= James Bryan (mining executive) =

American businessman (1789–1822)

James Bryan (1789–1822) was an American mining entrepreneur whose efforts in concert with others brought economic development to Missouri. Bryan operated "Bryan's Mines" on Hazel Run, north of Big River, in SW 1/4 of Sec. 33, T. 37N. 5E. in 1806; this location is also known as "Hazel Run Lead Digging."

Bryan owned significant land in Missouri, including a plantation, and donated land in Missouri to the public for the construction of public buildings there. A transfer of Missouri land to Bryan from his father-in-law, mining entrepreneur Moses Austin, eventually became the subject of the 1885 United States Supreme Court case Bryan v. Kennett, which has been called the Court's ratification of the Louisiana Purchase. Bryan was also a significant land owner in Arkansas, and was recognized in a book published by the Arkansas History Commission.

==Family and Legacy Impact on Development of Texas==
Paternally, James Bryan began a family which had a unique and dramatic impact on the early Anglo development of Texas.
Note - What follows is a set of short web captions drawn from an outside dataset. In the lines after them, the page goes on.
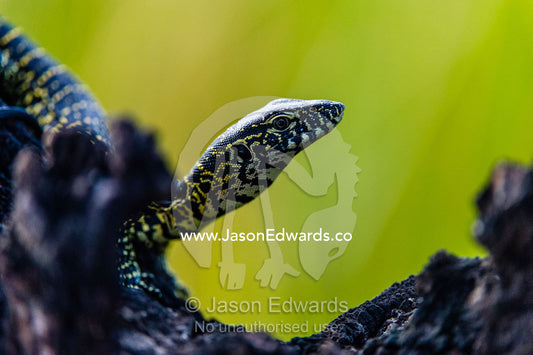A Nile Monitor searching for Prey on a dead tree. Chobe River, Chobe National Park, Botswana.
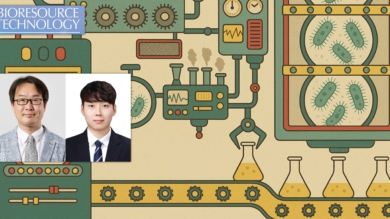 대장균이 식초 ‘소화’해 소재 원료 만든다!… 실험실 진화로 생산성↑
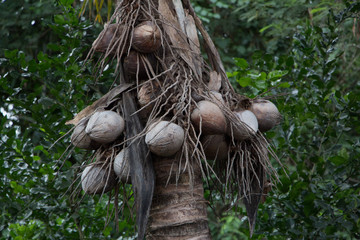  The dead coconut is dry.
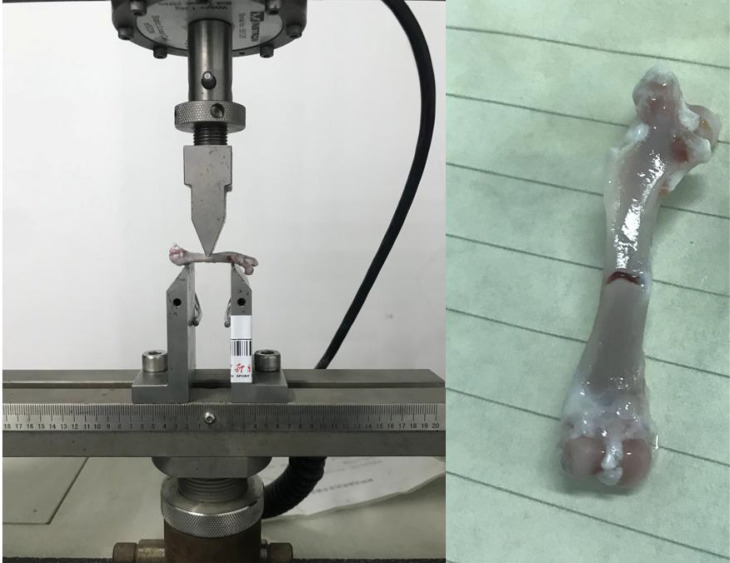 Figure 4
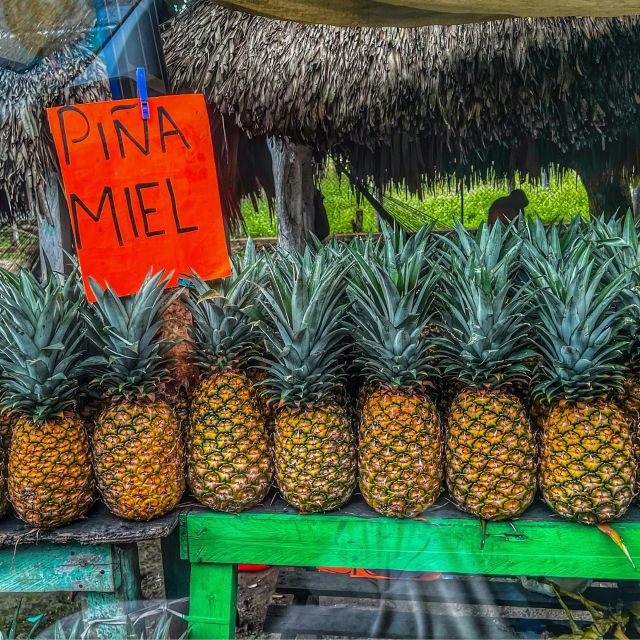 Chacchoben Mayan Ruins Excursion - Key Points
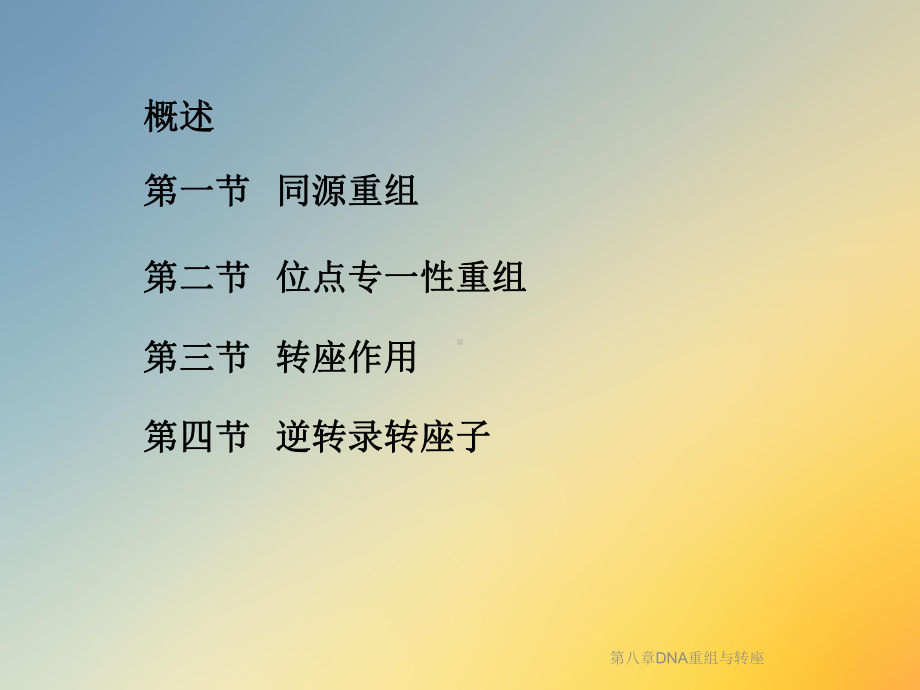 第八章DNA重组与转座课件.ppt_第2页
James was the first husband of Emily Margaret Brown Austin, brother-in-law of Stephen F. Austin, son-in-law of Moses Austin, and father to several early Anglo settlers of Texas including William Joel Bryan, Moses Austin Bryan. and Guy Morrison Bryan. The Briscoe Center for American History at the University of Texas deems James Bryan historically significant in that they maintain writings as well as communications that pertain to him under the heading "Bryan, James" such as: "Austin Papers, 1676, 1765-1889" and *Bryan (James) Papers, 1799-1822". Moses Austin sent Bryan a memorandum at or about 1819 and this is found in the collection at the University of Texas.

==Family and Life Cycle==
James was born October 18, 1789, in Haycock Township, Bucks County, Pennsylvania. He died on July 16, 1822, in Hazel Run, Missouri. Emily and James married on August 31, 1813, at Durham Hall, in Mine au Breton, Washington County, Missouri. The two lived with Emily's parents at their home called Durham Hall, in Missouri, from 1813 to 1814. In 1815, they moved to Hazel Run, Missouri, and also later to Herculaneum, Missouri. Emily and James Bryan had five children:
- Stephen Austin Bryan was born on July 17, 1814, in Durham Hall, Missouri. He died on August 12, 1814, in Durham Hall, Missouri.
- William Joel Bryan was born on December 14, 1815, in Hazel Run, Saint Genevieve, Missouri. He died on March 13, 1903.
- Moses Austin Bryan was born on September 25, 1817, in Herculaneum, Jefferson County, Missouri. He died on March 16, 1895, in Brenham, Texas.
- Guy Morrison Bryan was born on January 12, 1821, in Herculaneum, Jefferson County, Missouri. He died on June 4, 1901, in Austin, Travis County, Texas.
- Mary Elizabeth Bryan was born on July 5, 1822, in Herculaneum, Jefferson County, Missouri. She died on August 4, 1833.

Moses Austin died at Bryan's home in 1821. James Bryan is buried in Hazel Run, Missouri.

Descendants of James Bryan meet each year in Jones Creek, Texas, at the Austin-Bryan-Perry reunion in recognition of the achievement of these three families.

There are some historical unknowns about James Bryan including whether he had a middle name, and the names of his parents and where their parents were from. Accordingly, the Bryan name association with Texas begins with James Bryan.